A local member of the mosque served as a guide and told Lay Centre residents that the Great Mosque’s overall design took inspiration from the architecture of other notable mosques in Europe. He said the structure was meant to conjure up imagery of a life-giving oasis. The palm tree-like colonnades and the central eight-pointed star fountain evoked a paradisiacal setting.
The interior was even more resplendent. Ample natural light cascaded through the windows at the top of the large domed ceiling, illuminating intricately designed tiles and Quranic verses in Arabic script that ran the length of the interior walls.
One such verse was placed above the mihrab, a small alcove at the front of the prayer space that denotes the direction of Mecca. It reads as follows: “Though all they were ordered to do was worship God alone, sincerely devoting their religion to Him as people of true faith, keep up the prayer, and pay the prescribed alms, for that is the true religion.”
Our trip also provided an opportunity for our multi-faith group to discuss and ask questions that everyday circumstances do not always allow.
Coincidentally, Pope Francis made it a point to promote peaceful relationships and dialogue between Muslims and Christians during his recent apostolic journey to Africa. Addressing an interfaith gathering in Nairobi, Kenya, he said:
“Ecumenical and interreligious dialogue is not a luxury. It is not something extra or optional, but essential, something which our world, wounded by conflict and division, increasingly needs. … In democratic and pluralistic societies like Kenya, cooperation between religious leaders and communities becomes an important service to the common good. In this light, and in an increasingly interdependent world, we see ever more clearly the need for interreligious understanding, friendship and collaboration in defending the God-given dignity of individuals and peoples, and their right to live in freedom and happiness.”

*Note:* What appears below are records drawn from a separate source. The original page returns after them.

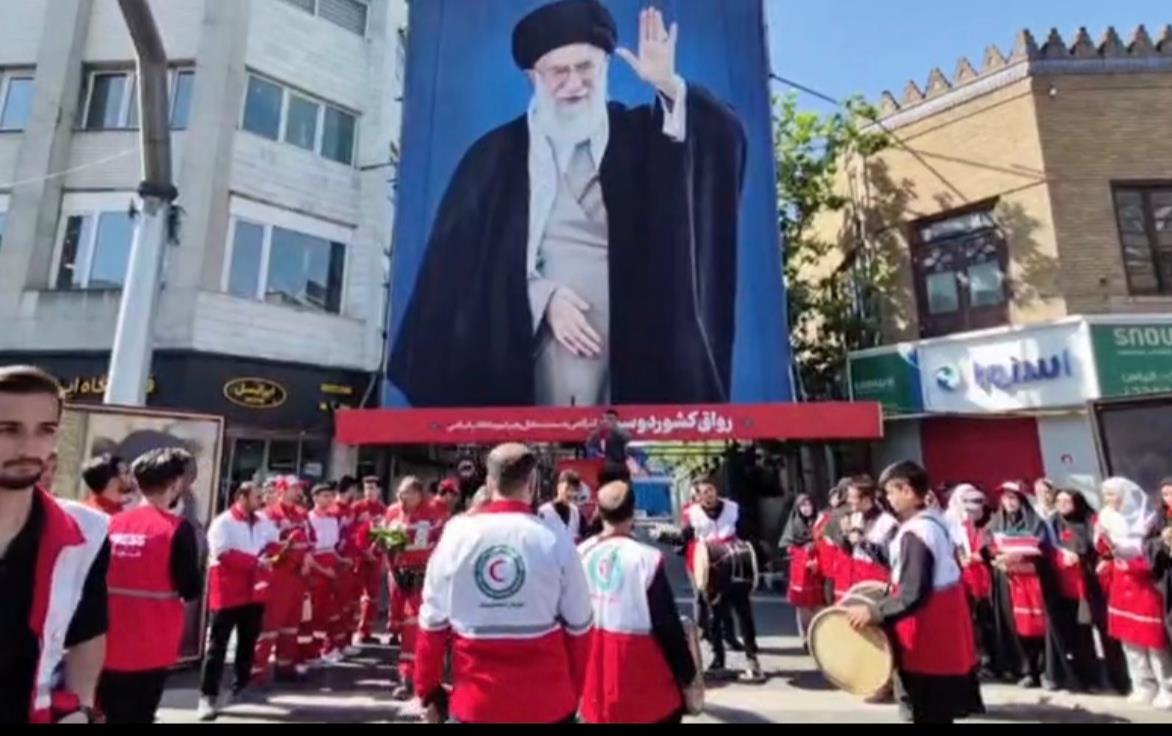همزمان با هفته هلالاحمر;گرامیداشت یاد و خاطره رهبر شهید انقلاب اسلامیتوسط کارکنان و امدادگران هلالاحمر در رواق کشور دوست + فیلم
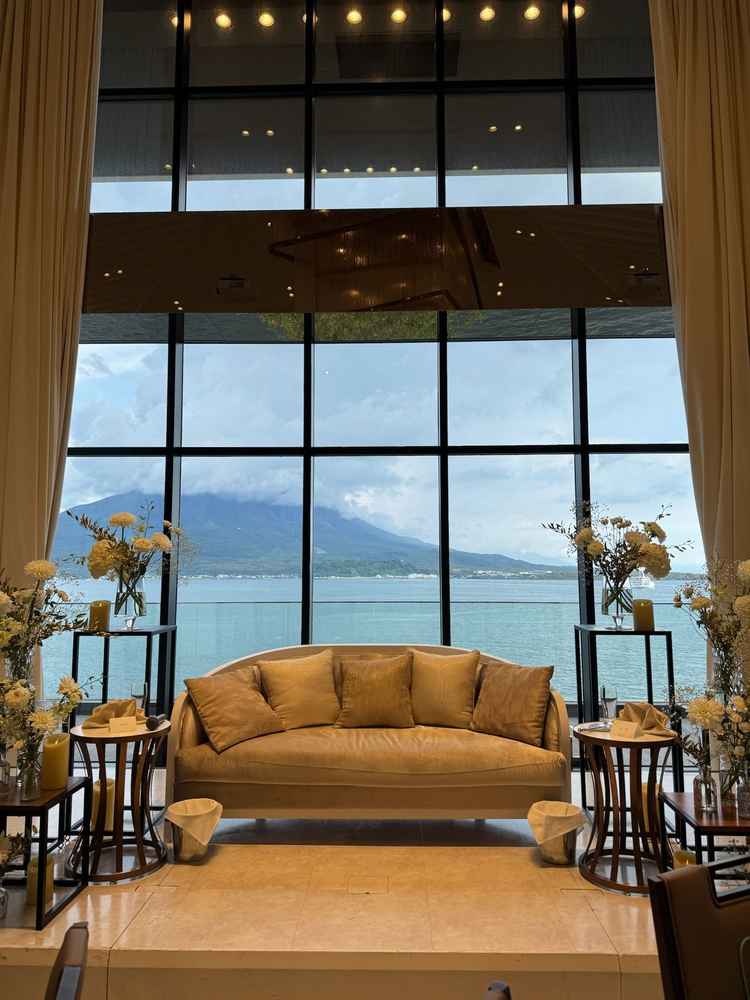 大きい披露宴会場からの景色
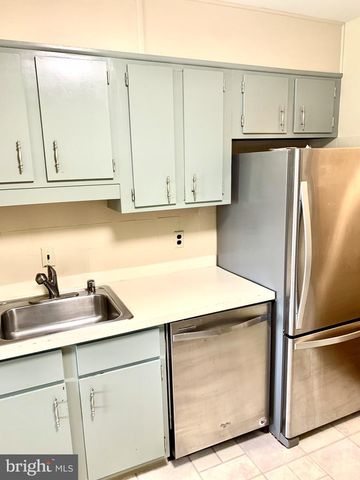 3602 RUSTIC LN #144, Wilmington, DE 19808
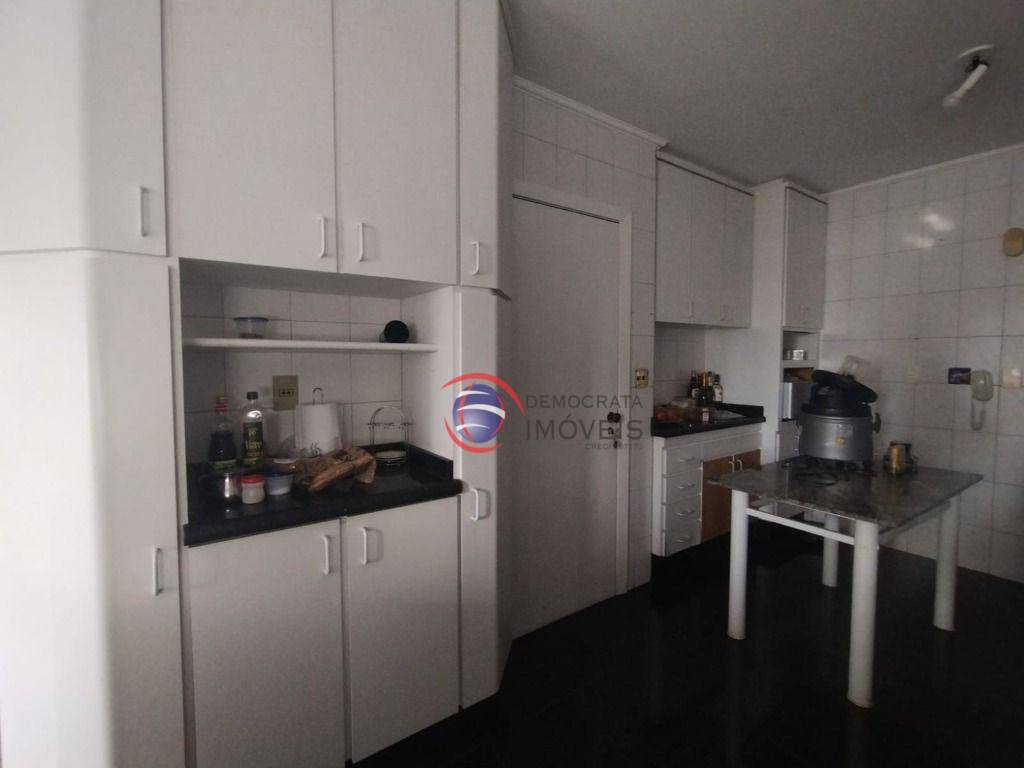 Apartamento à venda com 3 quartos, 160m² - Foto 15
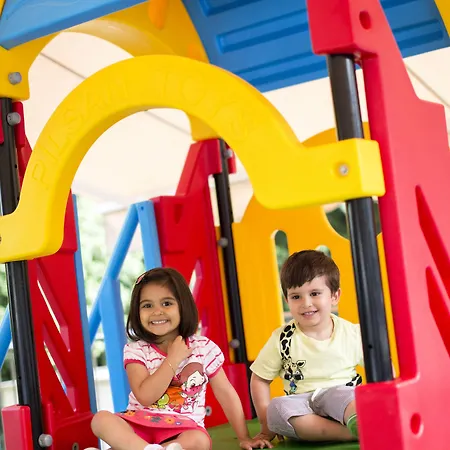 ヒルトン イスタンブル ボスポラス ホテル 5*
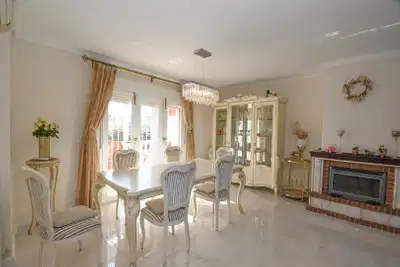 4 bedrooms, 2 bathrooms Villa in Orihuela Costa thumb 5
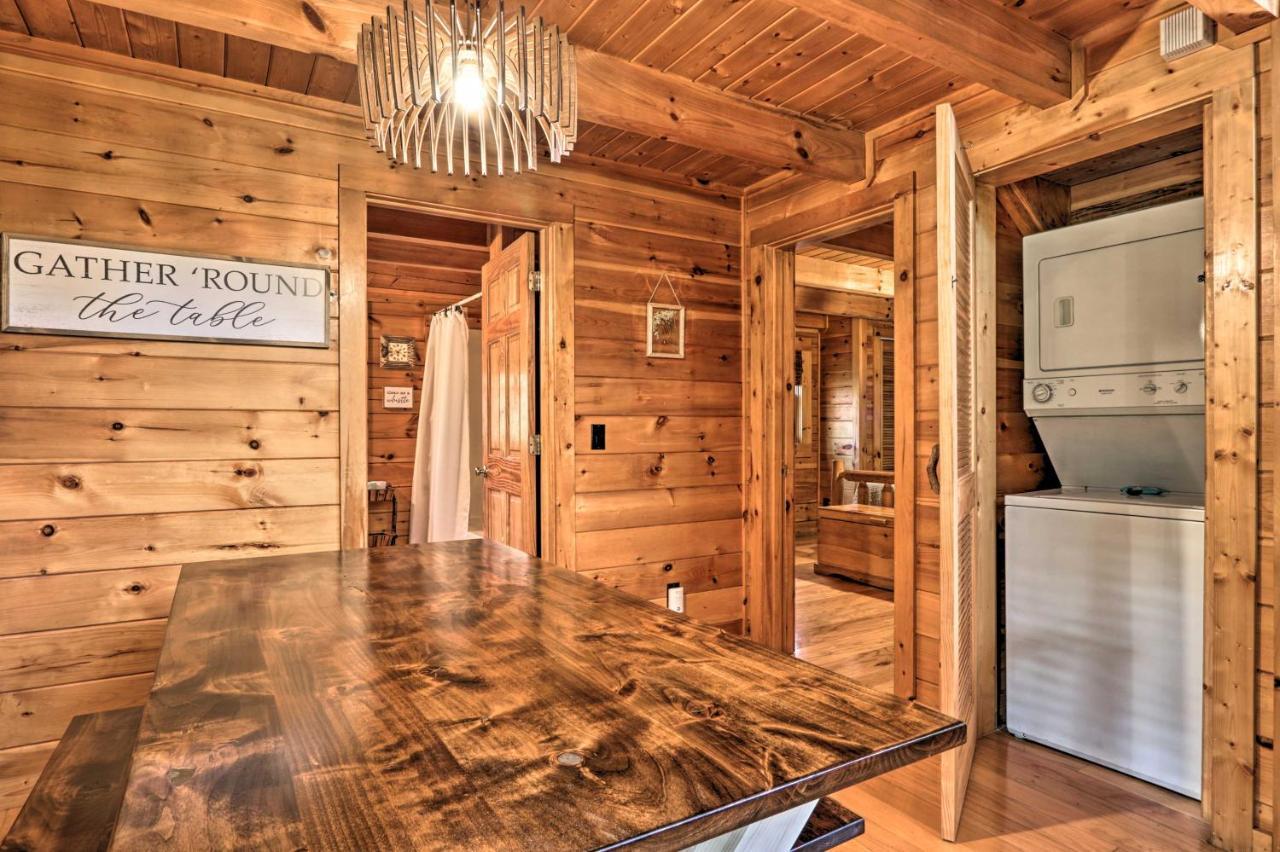 Smoky Mountain Log Cabin 7 Mi To Gatlinburg! Sevierville Exterior photo
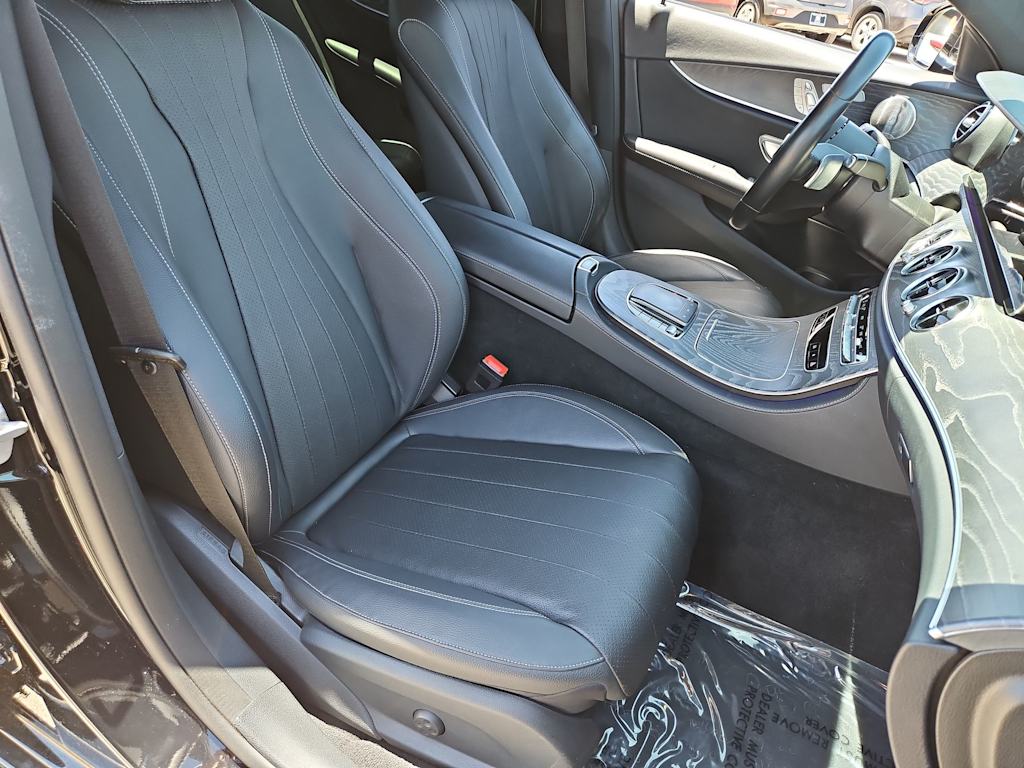 Thumbnail: 2021 Mercedes-Benz E-Class - 12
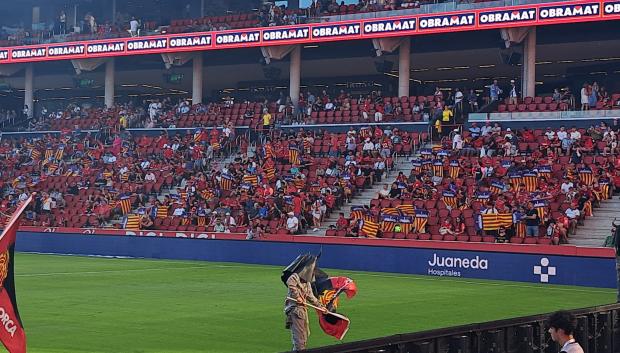 Las gradas se llenaron de banderas de Mallorca en el estadio este domingo
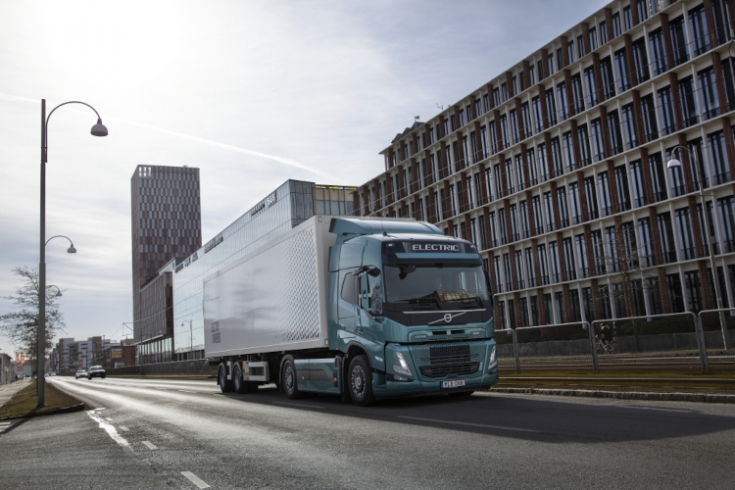 DHL zamawia 44 elektryczne samochody ciężarowe od Volvo Trucks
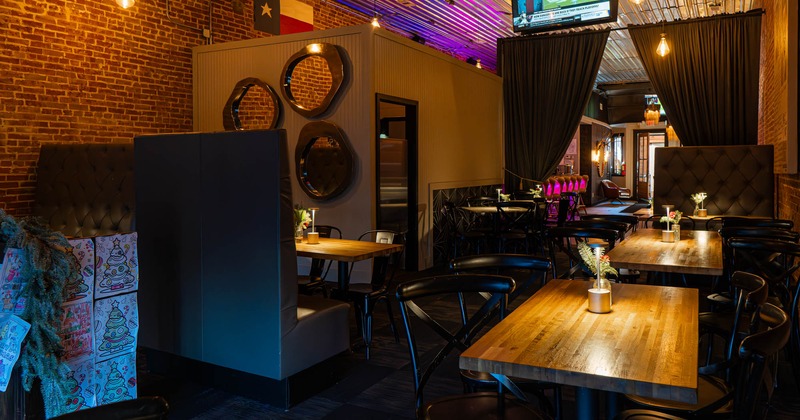 Interior, tables and seats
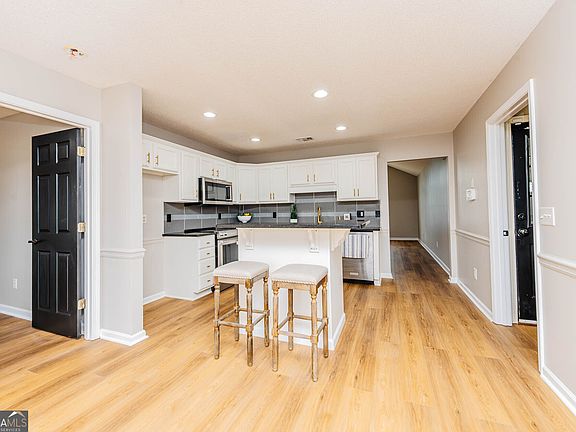 5th image of 105 Eagles Rdg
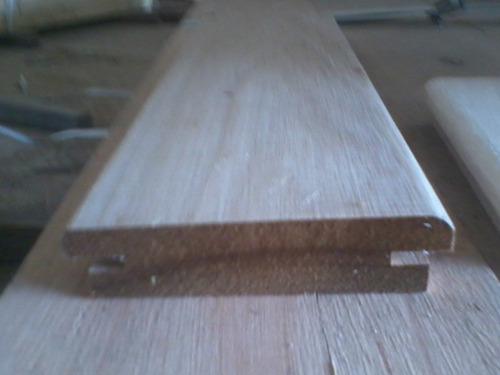 Deck Madera Sin Nudos 1x4 Sistema Clip Eucaliptus Grandis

Pope Francis also traveled to a mosque Bangui, Central African Republic, where he met with Chief Imam Tidiani Moussa Naibi. Addressing communities that have experienced much violence along religious fault-lines, the pope pointed out that “Christians and Muslims are brothers and sisters” while Imam Naibi gave his thanks and commented that the pope’s visit was a “symbol, which we could all understand.”
The Lay Centre gives us the opportunity to learn from one another at the interpersonal level. Meanwhile, in our extended communities or workplaces, how can we go about having a “dialogue” with others? What more can I do to learn from, work with and provide for others?